Your fakes are as good as ever,
but when you move
you're like the Southern Pacific
the first time a car kept up with it,
your opponent at your hip,
with you all the way
to the rim. Five years earlier
he'd have been part of the air
that stayed behind you
in your ascendance.
On the sidelines they're saying,
He's lost a step
2
In a few more years
it's adult night in a gymnasium
streaked with the abrupt scuff marks
of high schoolers, and another step
leaves you like a wire
burned out in a radio.
You're playing defense,
someone jukes right, goes left,
and you're not fooled
but he's past you anyway,
dust in your eyes,
a few more points against you.
3
Suddenly you're fifty;
if you know anything about steps
you're playing chess
with an old, complicated friend.
But you're walking to a schoolyard
where kids are playing full-court,
telling yourself
the value of the experience, a worn down
basketball under your arm,
your legs hanging from your waist
like misplaced sloths in a country
known for its cheetahs and its sunsets
Literary Notes:
It's the birthday of the journalist and novelist Pete
Hamill, born in Brooklyn, New
York (1935).
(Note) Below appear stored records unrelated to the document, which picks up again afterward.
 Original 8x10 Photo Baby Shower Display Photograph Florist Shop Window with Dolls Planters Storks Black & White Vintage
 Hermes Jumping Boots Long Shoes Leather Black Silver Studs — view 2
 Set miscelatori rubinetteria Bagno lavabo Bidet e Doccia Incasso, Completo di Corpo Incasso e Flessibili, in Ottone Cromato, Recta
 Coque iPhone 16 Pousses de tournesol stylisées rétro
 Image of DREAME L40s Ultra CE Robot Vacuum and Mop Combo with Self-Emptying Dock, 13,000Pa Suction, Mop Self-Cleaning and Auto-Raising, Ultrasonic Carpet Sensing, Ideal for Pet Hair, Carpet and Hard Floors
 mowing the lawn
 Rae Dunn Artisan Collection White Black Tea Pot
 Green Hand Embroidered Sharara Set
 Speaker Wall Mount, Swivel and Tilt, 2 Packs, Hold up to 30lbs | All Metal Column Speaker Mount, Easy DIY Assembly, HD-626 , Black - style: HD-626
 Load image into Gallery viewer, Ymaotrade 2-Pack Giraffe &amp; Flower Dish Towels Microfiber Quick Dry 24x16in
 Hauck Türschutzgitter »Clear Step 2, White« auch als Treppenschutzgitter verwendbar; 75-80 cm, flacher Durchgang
By the time he was eight his father introduced him to the hard-drinking
lifestyle, bringing him along to his favorite bar, Gallagher's. Hamill said,
"This is where men go, I thought; this is what men do." By age ten
he was drinking beer with his friends from the street. Still, he got good grades
in school and eventually landed a job at the New York Post. In his book
A Drinking Life: A Memoir (1994), he said, "I drank in the morning
when I worked nights, and at night when I worked days." At a New Year's
Eve party in 1972 he looked into a glass of vodka, decided it would be his last,
and it was. He has been a productive writer ever since, with novels such as
Flesh and Blood (1977), and Forever (2003), which was published
this year. Pete Hamill, who said, "The best newspapermen I know are those
most thrilled by the daily pump of city room excitements; they long fondly for
a 'good murder'; they pray that assassinations, wars, catastrophes break on
their editions."
It's the birthday of the essayist and short story writer Ambrose Bierce, born near Horse Cave Creek, Ohio (1842). Bierce was famous as a California journalist for his fearlessness; they called him "the wickedest man in San Francisco" and "Bitter Bierce." He once wrote a book review that said, "The covers of this book are too far apart." His major fiction is collected in the books Tales of Soldiers and Civilians (1891) and Can Such Things Be? (1893), but he's best known for The Devil's Dictionary (1906), his book of ironic definitions. It includes definitions such as, "Saint. A dead sinner revised and edited," and "Bride. A woman with a fine prospect of happiness behind her."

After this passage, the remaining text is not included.